The Islamic State has evacuated key checkpoints in the southwest of Kirkuk in Iraq, a local source from the region said on Sunday.

Iraq's Ministry of Defence had revealed on Saturday that it would redeploy its troops to Kirkuk for a campaign to retake the Al-Hawija district from the Islamic State. The Iraqi military will be aided by the Iraqi Federal Police (IFP) in this major operation.

But the source from Kirkuk told Alghad Press that militants were seen hurriedly vacating their strongholds before the imminent assault. "Tens of Islamic State fighters collectively evacuated several checkpoints in Hawija, southwestern Kirkuk, under mysterious circumstances," said the source.

He also added that the militants "withdrew from sprawling regions on borders with Salahuddin province located near to oil fields."

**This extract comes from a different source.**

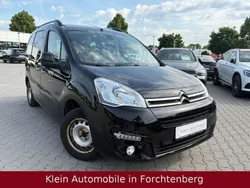 Schwarz Gebraucht 2016 Citroën Berlingo Van / Kleinbus | 7.980 € (Fairer Preis)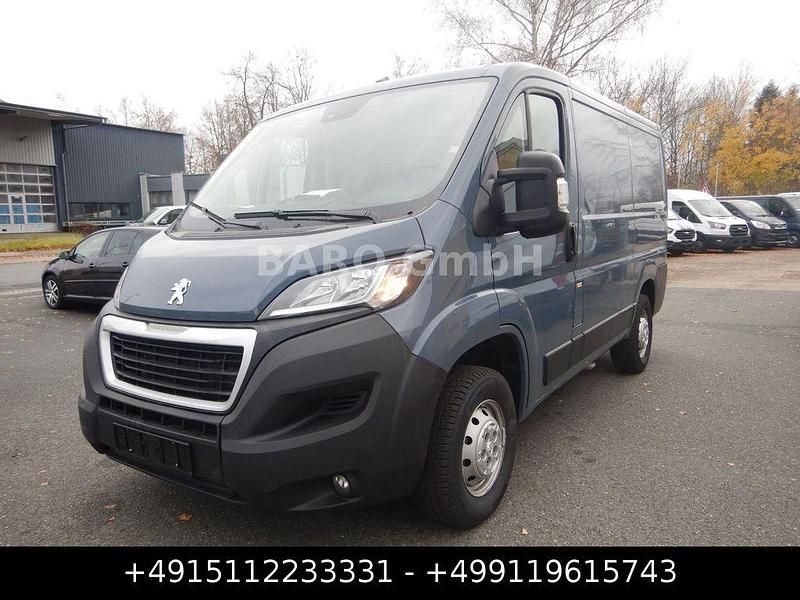 Grau Gebraucht 2021 Peugeot Boxer Van | 16.400 € (Superpreis) - Bild 1/4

The Iraqi military and the IFP were recently withdrawn from the now liberated town of Tal Afar in the Nineveh Province but arrived in Mosul's Al-Qayyarah district on Saturday ahead of marching towards Al-Hawija. "Most of the troops who participated in the liberation of Tal Afar will participate in the Hawija campaign", said First Lieutenant Fayeq Numan al-Salim speaking to Anadolu Agency. It is also believed that the Hashd al-Shaabi force, a Shia military group, will also lend their arms to the Iraqi military in fighting the Islamic State.

Kurdistan president issues warning

Kurdistan Region President Masoud Barzani said earlier that any attempts to take over Kirkuk will be met with "strong reaction' from Kurdish forces. The Kirkuk province is a subject of dispute over its sovereignty between Kurdistan and the Iraqi government,

"Kirkuk is Kurdish...any force that thinks of taking Kirkuk by force will be faced by the whole people of Kurdistan.

We will defend it by the last one of us," said Barzani as quoted by several Iraqi news websites. "Kirkuk is not only Kurdish, it is for Kurds, Arabs and Christians...we shall make it a model of coexistence."

Kurdish referendum

A referendum has been scheduled on September 25 this year to determine the status of Iraqi Kurdistan as an independent nation.

Barzani's comments came after a senior Shia military leader threatened to consider Kurdistan as the "enemy" if it included Kirkuk as a voting district during the referendum.

The Shia leader is believed to be Qais al-Khazali who is the commander of the Asa'ib Ahl al-Haq. al-Khazali claims that Kurdistan's inclusion of Kirkuk is a "serious matter that needs an official and decisive response."